Records from a dataset
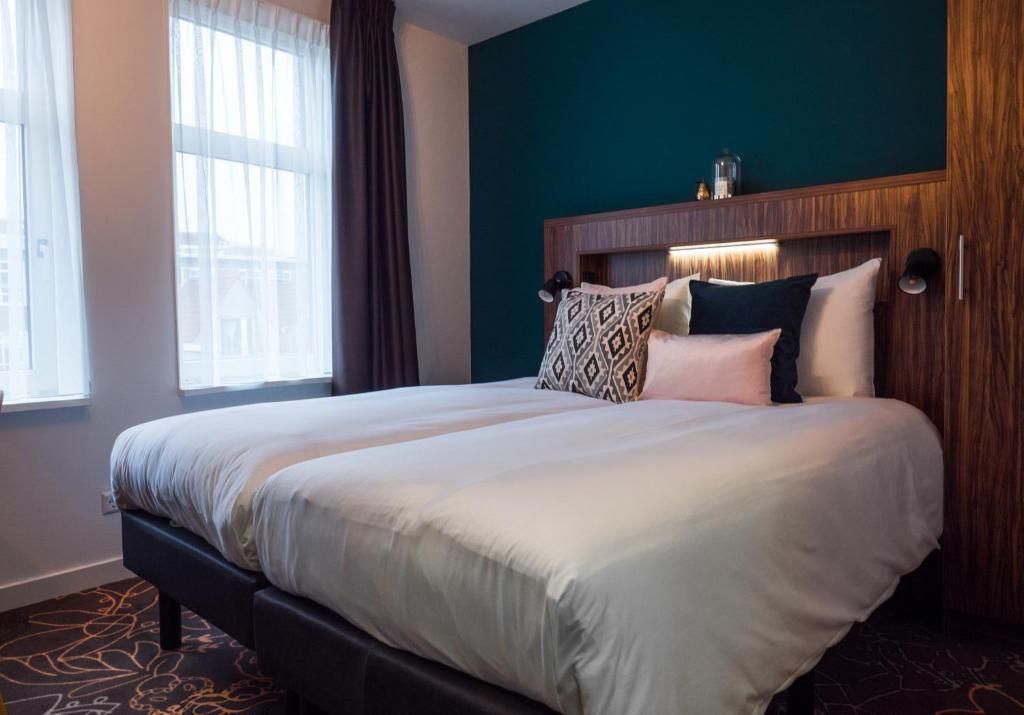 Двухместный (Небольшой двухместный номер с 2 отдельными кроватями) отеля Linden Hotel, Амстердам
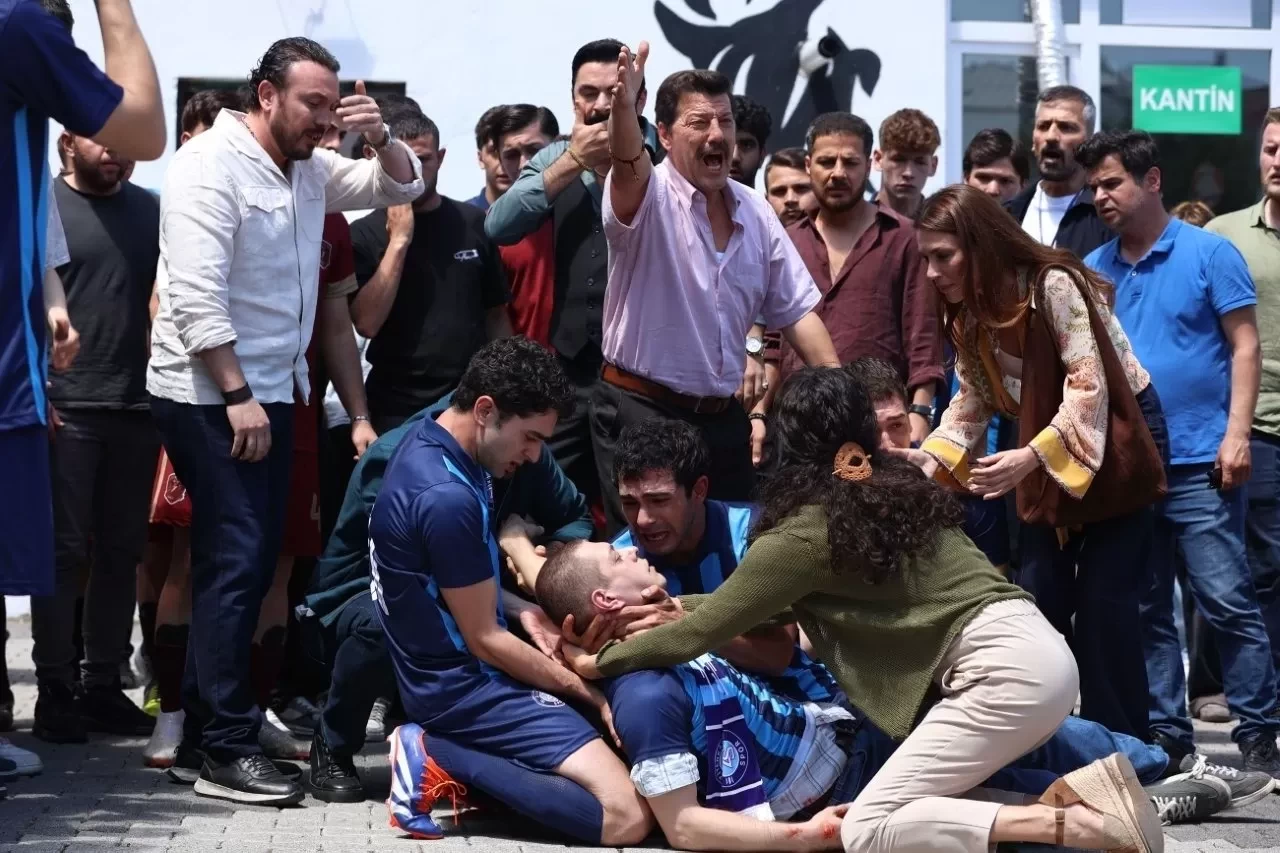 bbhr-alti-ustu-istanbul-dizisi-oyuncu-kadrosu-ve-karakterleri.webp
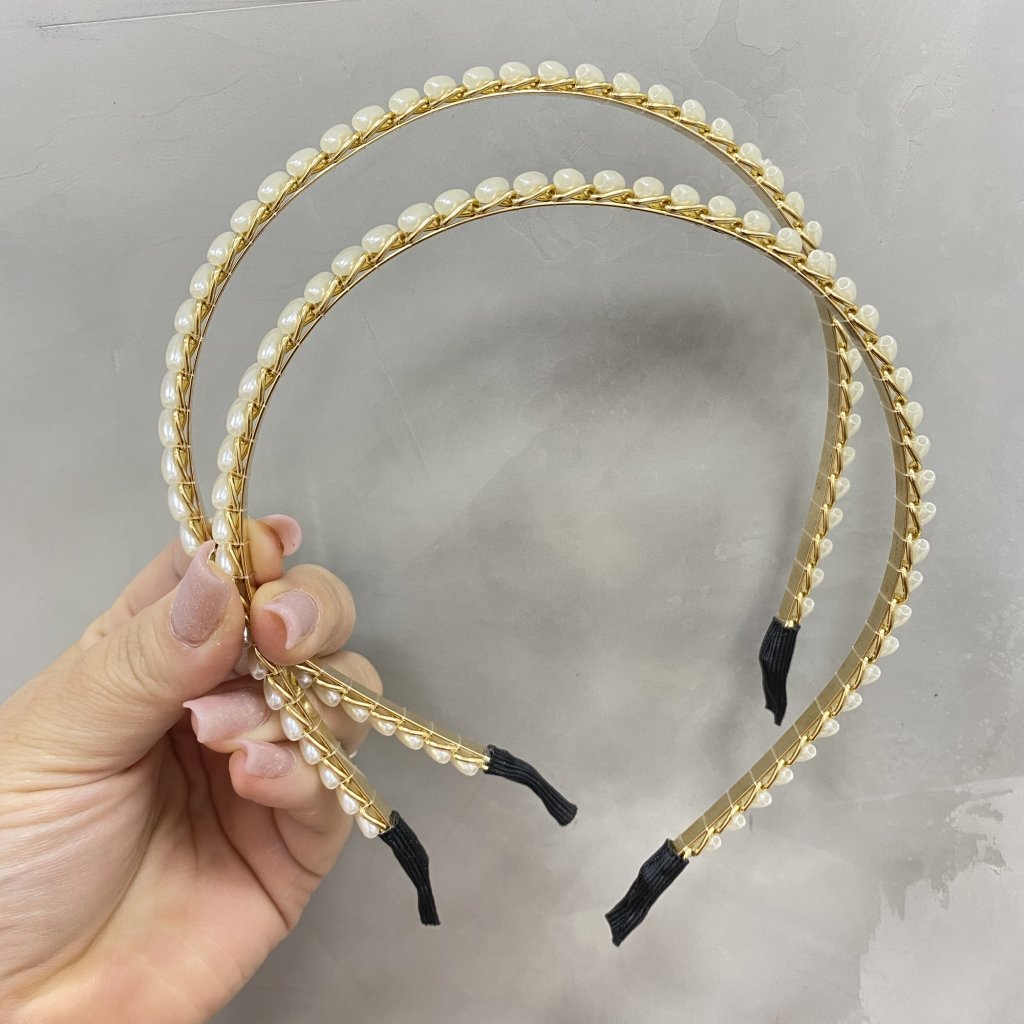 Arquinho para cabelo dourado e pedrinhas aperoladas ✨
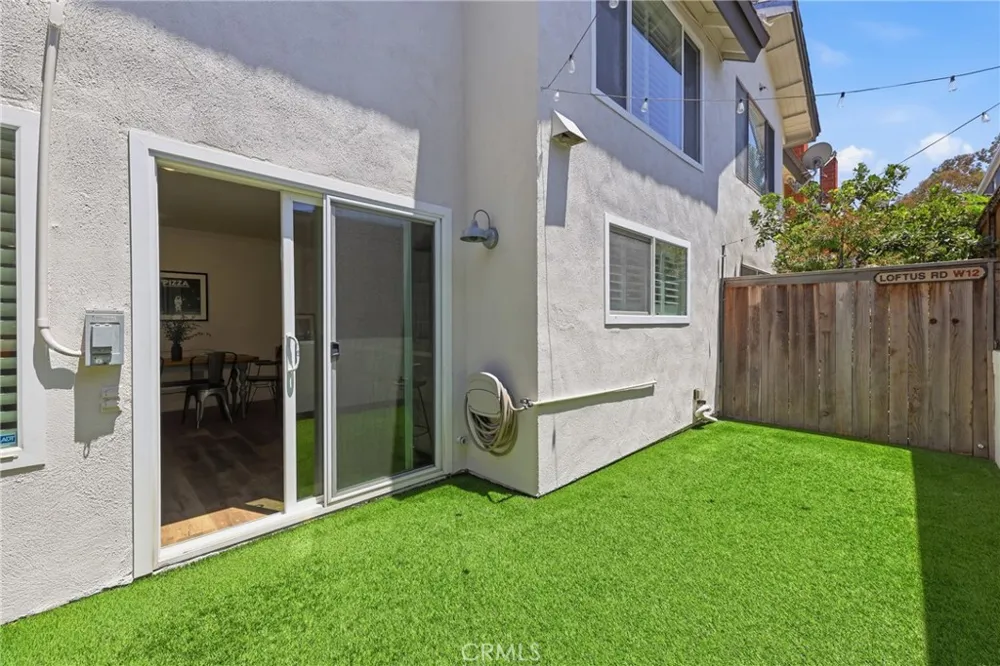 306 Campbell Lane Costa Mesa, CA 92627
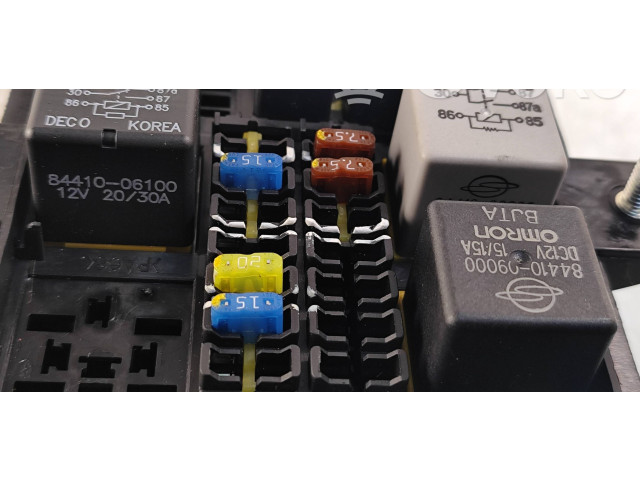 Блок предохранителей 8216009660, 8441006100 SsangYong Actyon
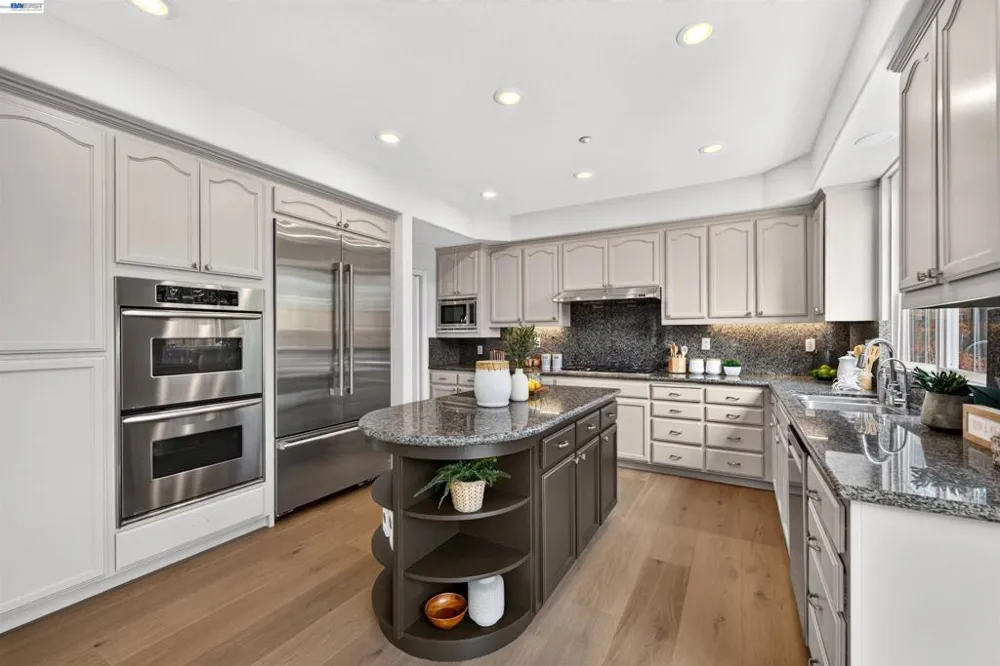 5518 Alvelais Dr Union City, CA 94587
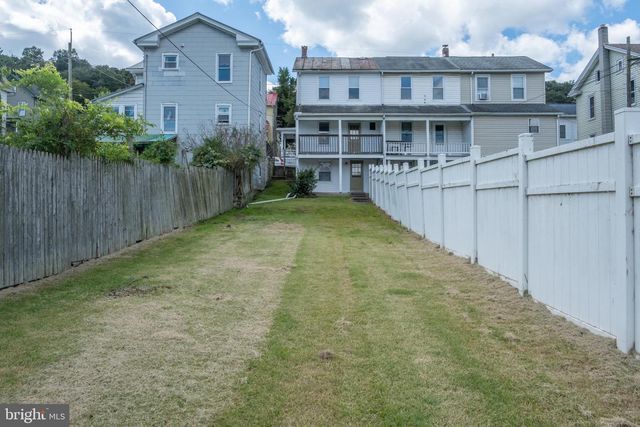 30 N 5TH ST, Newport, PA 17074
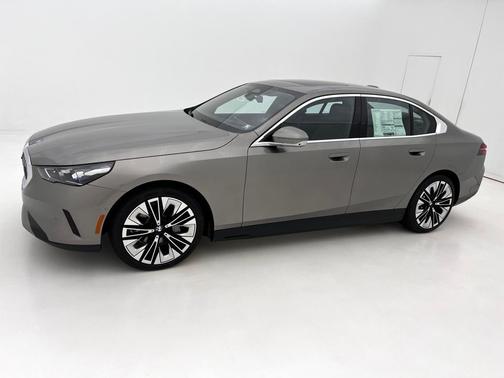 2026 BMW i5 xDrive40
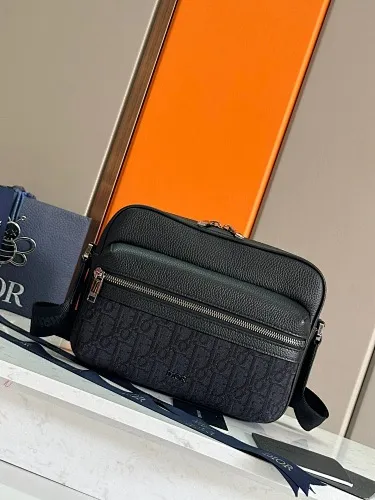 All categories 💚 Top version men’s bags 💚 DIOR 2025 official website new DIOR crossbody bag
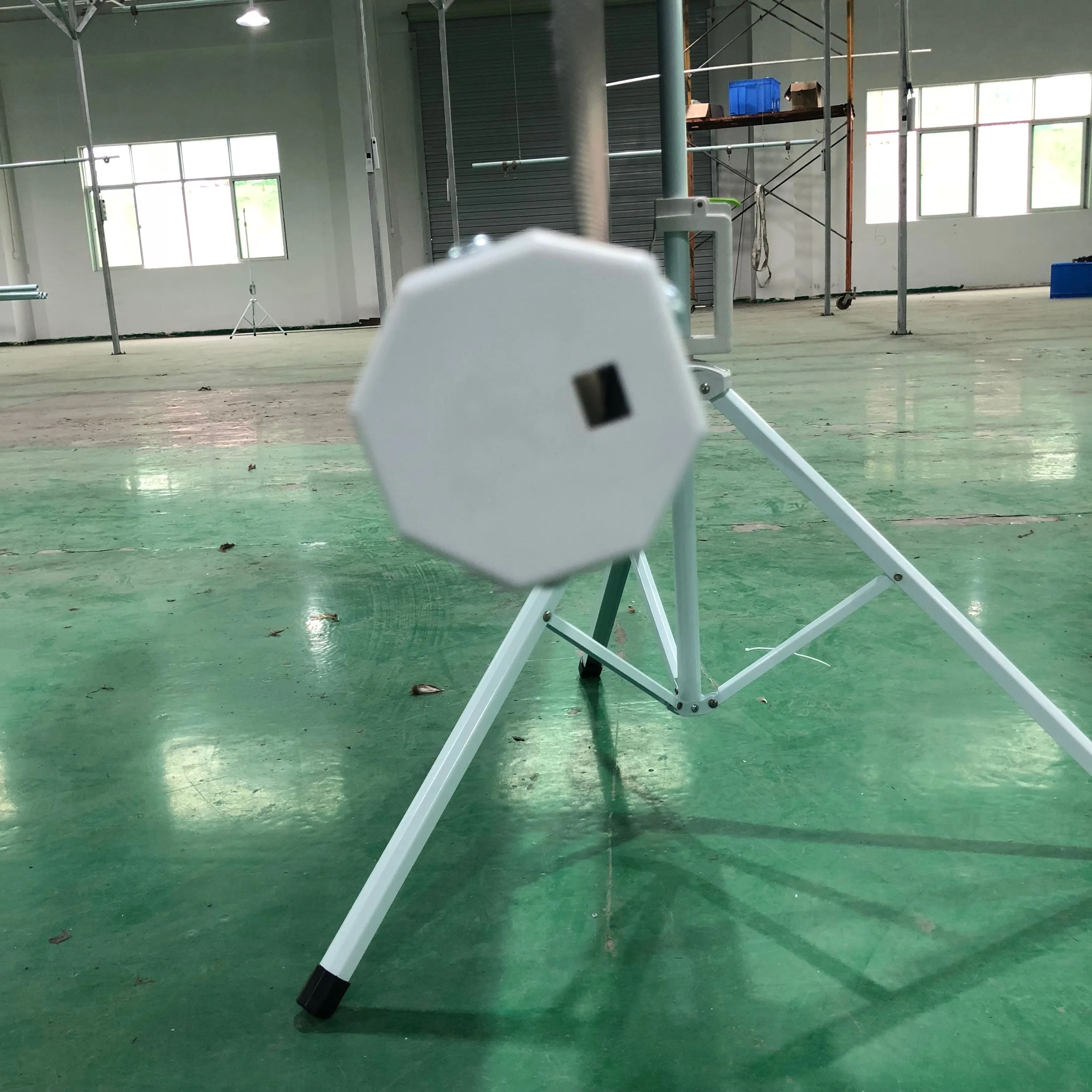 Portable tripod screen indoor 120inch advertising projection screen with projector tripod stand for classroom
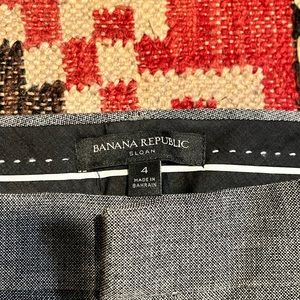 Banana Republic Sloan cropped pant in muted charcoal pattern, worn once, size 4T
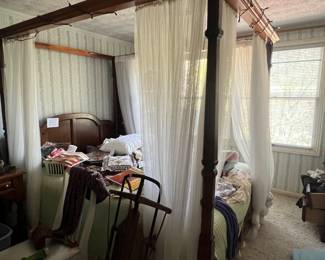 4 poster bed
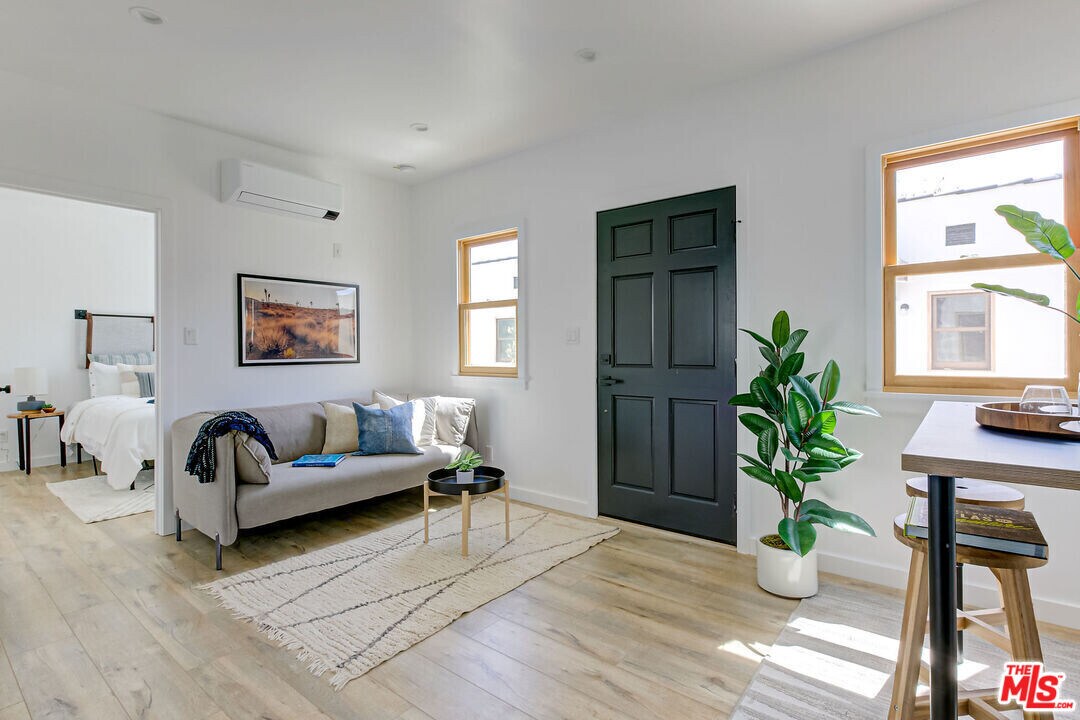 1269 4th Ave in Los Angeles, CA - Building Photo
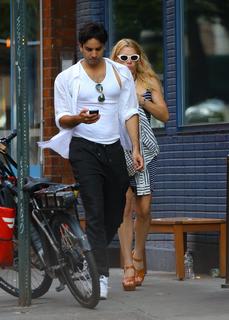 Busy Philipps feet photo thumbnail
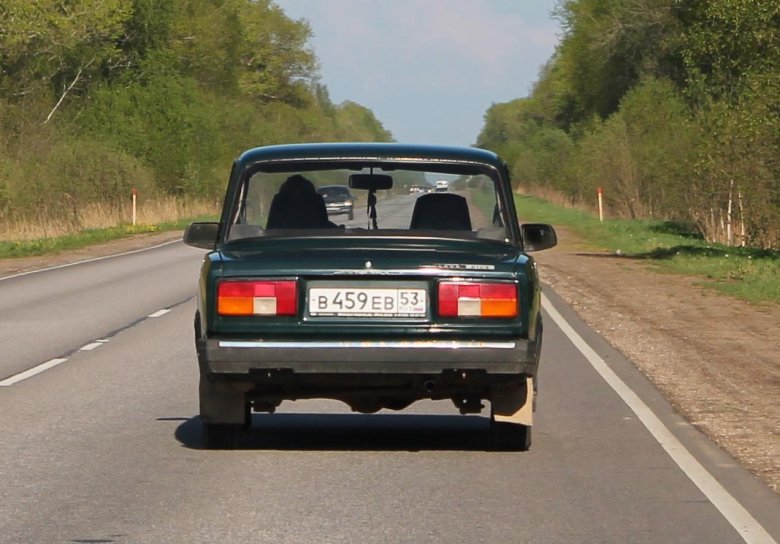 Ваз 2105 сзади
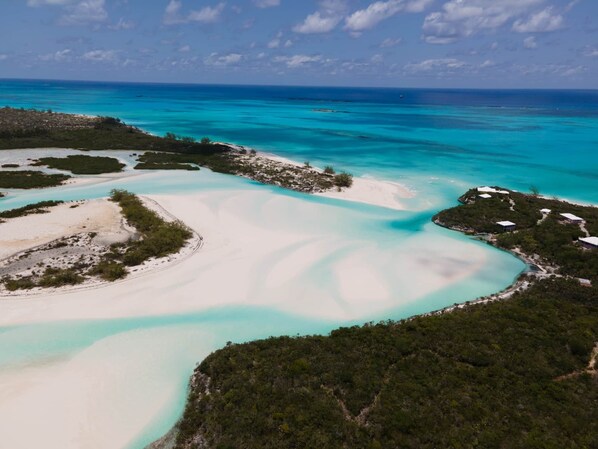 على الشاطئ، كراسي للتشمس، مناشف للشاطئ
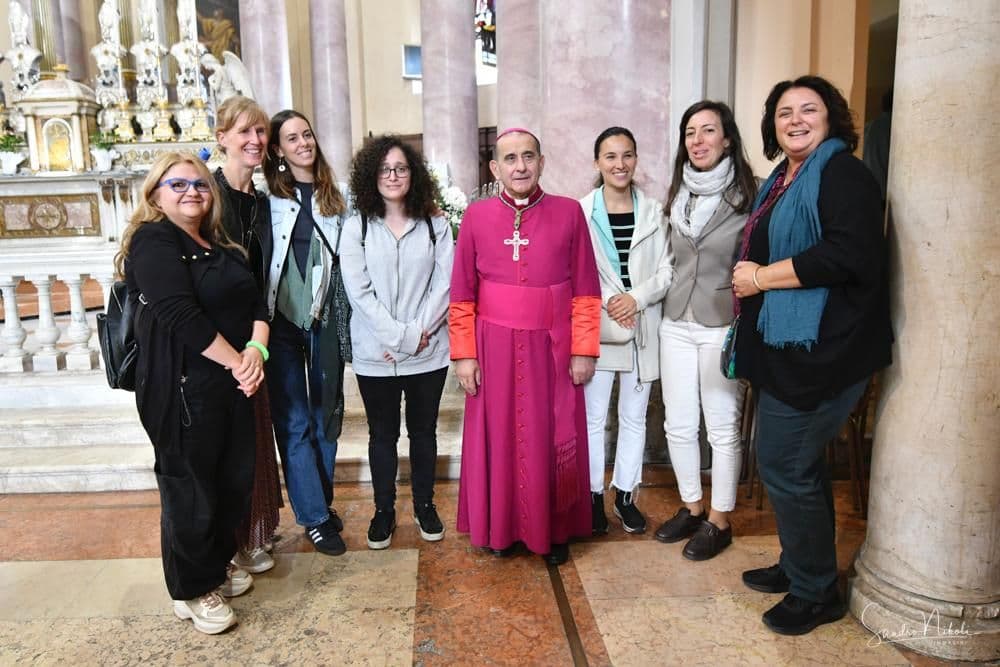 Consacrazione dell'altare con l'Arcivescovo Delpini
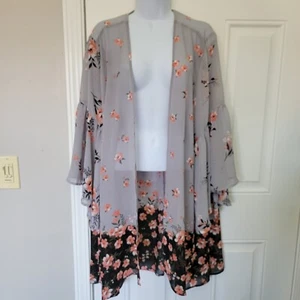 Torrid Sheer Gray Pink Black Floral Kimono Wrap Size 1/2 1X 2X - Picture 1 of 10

→ Exercise requirements: Without any of the pictures, repeat the entries above word for word.

→ Task output:
 Двухместный (Небольшой двухместный номер с 2 отдельными кроватями) отеля Linden Hotel, Амстердам
 bbhr-alti-ustu-istanbul-dizisi-oyuncu-kadrosu-ve-karakterleri.webp
 Arquinho para cabelo dourado e pedrinhas aperoladas ✨
 306 Campbell Lane Costa Mesa, CA 92627
 Блок предохранителей 8216009660, 8441006100 SsangYong Actyon
 5518 Alvelais Dr Union City, CA 94587
 30 N 5TH ST, Newport, PA 17074
 2026 BMW i5 xDrive40
 All categories 💚 Top version men’s bags 💚 DIOR 2025 official website new DIOR crossbody bag
 Portable tripod screen indoor 120inch advertising projection screen with projector tripod stand for classroom
 Banana Republic Sloan cropped pant in muted charcoal pattern, worn once, size 4T
 4 poster bed
 1269 4th Ave in Los Angeles, CA - Building Photo
 Busy Philipps feet photo thumbnail
 Ваз 2105 сзади
 على الشاطئ، كراسي للتشمس، مناشف للشاطئ
 Consacrazione dell'altare con l'Arcivescovo Delpini
 Torrid Sheer Gray Pink Black Floral Kimono Wrap Size 1/2 1X 2X - Picture 1 of 10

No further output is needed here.